In the height of the 2020 Presidential Elections, the AP United States Government class held a mock election across the ANS Secondary School. A mock election is an election organized for educational or transformative purposes to measure all possible data of where our school body stands. The survey “ballots” were sent online to every member of our faculty and students from grades 6th-12th. On November 3rd, the day of the election in the United States, the mock election results had 249 people voting successfully amongst our school body.

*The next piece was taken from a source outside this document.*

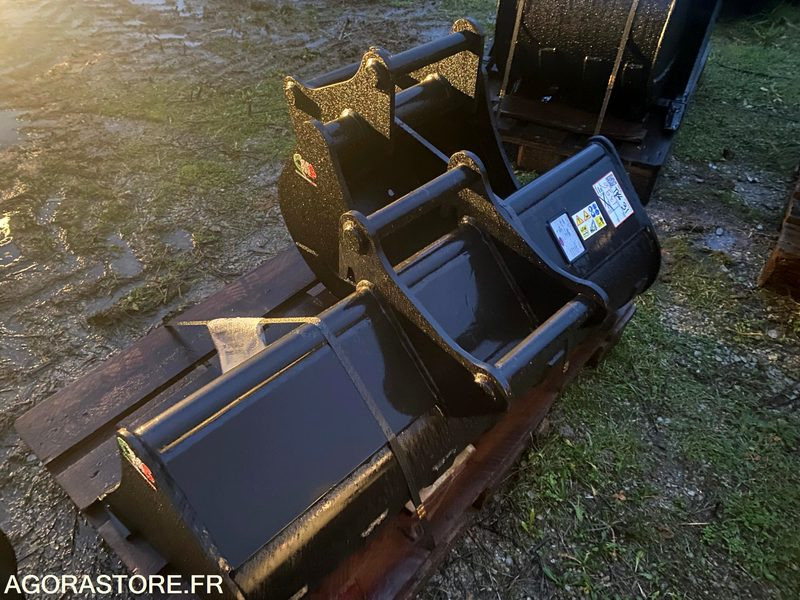 Godet Curage 1200mm S40 NEUF - Pièces de rechange pour Engins de chantier: photos 2 Godet Curage 1200mm S40 NEUF - Pièces de rechange pour Engins de chantier: photos 2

Though at the posting of this article, the US election results have not yet been finalized, the ANS mock election reports that former Vice President Joe Biden scored ahead of President Donald Trump in both the popular vote and the ANS “Electoral College” at 54.3%. Donald Trump only managed to win 37.8% of the vote, with 8% of voters abstained. The electoral college awarded Joe Biden a whopping 455 points, while Donald Trump only scored 50.
Many are surprised by Biden’s landslide victory, although others argue that it’s only natural since the overwhelming student body is more likely to lean blue. The age demographic between 18-29 has largely voted democratic in recent years. But the reasons for this trend are rather complicated to answer. Media exposure, discussion about United States politics at home, and personal beliefs, all factor into the decisions of young voters. However, many voters have decided to abstain, whether it be because of the lack of knowledge about the current political sphere in the US, or the undecisive decision of choosing between two inarguably controversial candidates.
Families all over the US and American citizens overseas, are experiencing the all-too-familiar “election anxiety,” checking maps and predictions in hopes of each person’s desired outcome. Although this is arguably the most significant US presidential election we’ve had in recent years, and possibly in all of US history, we cannot control the ultimate outcome when the time arrives.